PBoC reaffirms China’s crypto ban, flags stablecoin risks as Hong Kong opens up
The People’s Bank of China (PBoC) has reaffirmed the 2021 nationwide ban on virtual currencies and pledged continued crackdowns on crypto-related illegal finance following a Nov. 28 multi-agency meeting. The statement—issued with the Ministry of Public Security, Cyberspace Administration, China Securities Regulatory Commission, Supreme People’s Court and other bodies—noted a resurgence in speculative trading and crypto-enabled crime and singled out stablecoins as a major risk due to weak customer identification and anti‑money‑laundering controls and potential use in fraud and illicit cross‑border transfers. Authorities committed to enhanced information sharing, monitoring and enforcement to protect public assets and financial order. The renewed mainland stance contrasts with Hong Kong’s recent moves to regulate and support digital-asset activity—authorities there have advanced stablecoin frameworks and approved spot BTC/ETH ETFs and liquidity measures to attract institutional flows. Market takeaway for traders: elevated regulatory tail risk for projects tied to mainland China or mainland users (especially stablecoin-related products), potential negative sentiment for crypto exposure connected to Chinese entities, and increased probability that regional liquidity and institutional flows will channel into Hong Kong rather than mainland markets.
Bearish
The PBoC’s formal reaffirmation of the 2021 ban increases regulatory risk for crypto projects with ties to mainland China and places particular scrutiny on stablecoins. In the short term, this raises negative sentiment for assets associated with Chinese firms or marketed to mainland users and can depress prices for stablecoin-linked products and tokens with heavy exposure to Chinese markets. The announcement also accentuates jurisdictional fragmentation: Hong Kong’s regulatory opening may draw institutional flows away from mainland-linked venues, putting additional downward pressure on projects that had been relying on Chinese demand.
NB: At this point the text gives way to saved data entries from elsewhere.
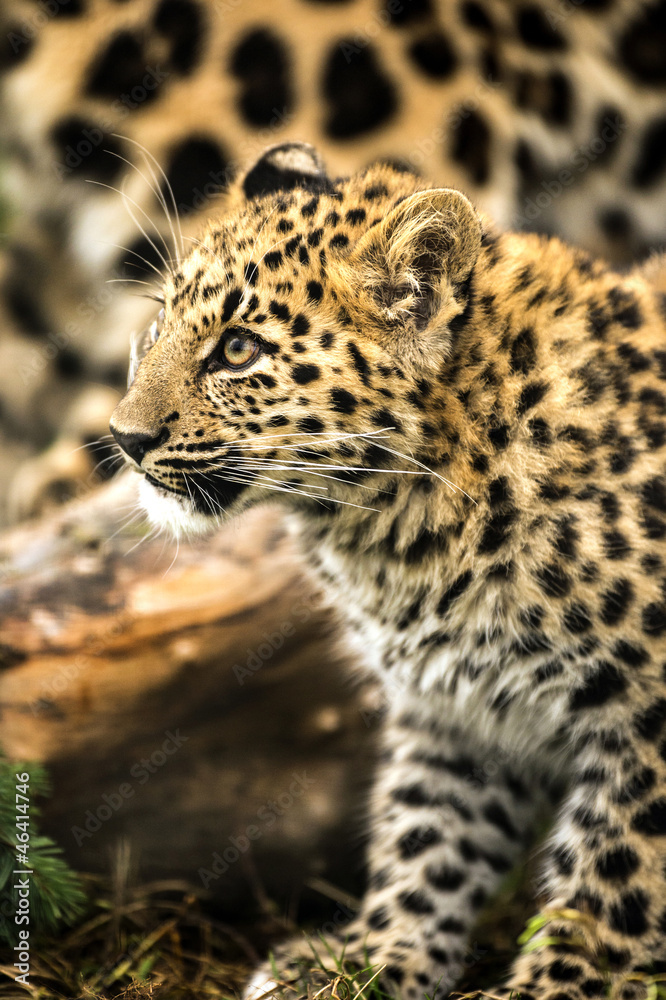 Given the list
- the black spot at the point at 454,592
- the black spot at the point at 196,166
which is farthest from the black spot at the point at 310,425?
the black spot at the point at 196,166

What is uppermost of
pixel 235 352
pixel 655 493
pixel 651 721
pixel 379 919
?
pixel 235 352

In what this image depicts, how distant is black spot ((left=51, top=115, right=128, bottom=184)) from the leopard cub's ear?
2.83 m

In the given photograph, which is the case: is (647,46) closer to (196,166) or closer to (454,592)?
(196,166)

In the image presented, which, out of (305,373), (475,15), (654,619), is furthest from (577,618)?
(475,15)

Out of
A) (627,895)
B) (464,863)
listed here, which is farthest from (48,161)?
(627,895)

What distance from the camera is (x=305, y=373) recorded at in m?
3.58

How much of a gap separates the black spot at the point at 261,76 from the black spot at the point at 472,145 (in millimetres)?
900

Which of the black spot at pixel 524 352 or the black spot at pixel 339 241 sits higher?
the black spot at pixel 339 241

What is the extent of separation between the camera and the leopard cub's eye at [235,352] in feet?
12.0

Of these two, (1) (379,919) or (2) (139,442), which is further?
(1) (379,919)

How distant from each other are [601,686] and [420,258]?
149cm

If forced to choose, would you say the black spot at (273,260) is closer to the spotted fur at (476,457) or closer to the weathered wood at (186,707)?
the spotted fur at (476,457)

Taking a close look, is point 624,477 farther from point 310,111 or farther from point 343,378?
point 310,111

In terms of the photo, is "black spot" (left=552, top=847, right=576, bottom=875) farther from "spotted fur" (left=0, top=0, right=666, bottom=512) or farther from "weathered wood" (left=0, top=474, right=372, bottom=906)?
"spotted fur" (left=0, top=0, right=666, bottom=512) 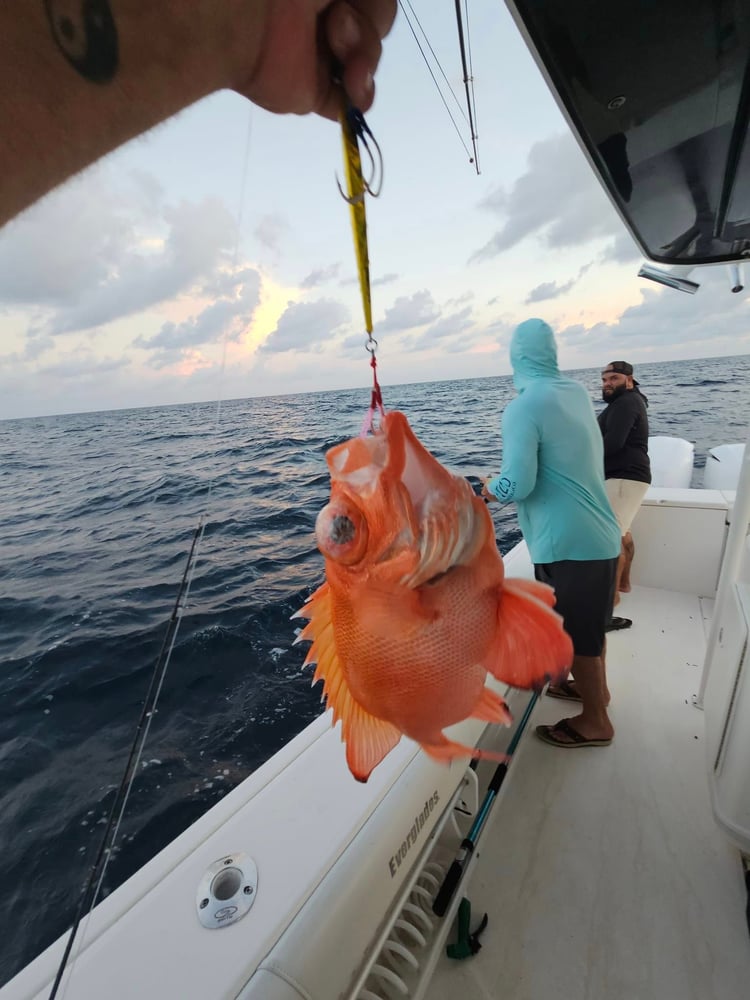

Over the longer term, sustained enforcement and cross‑agency coordination reduce the likelihood of mainland policy easing, which limits onshore market development and keeps a segment of regional liquidity concentrated in offshore hubs like Hong Kong. Traders should expect increased volatility around news tied to Chinese regulatory actions, continued risk premia for stablecoins and China‑linked tokens, and a reallocation of institutional flows toward regulated Hong Kong products (e.g., spot BTC/ETH ETFs), reinforcing a cautious posture for positions exposed to mainland regulatory risk.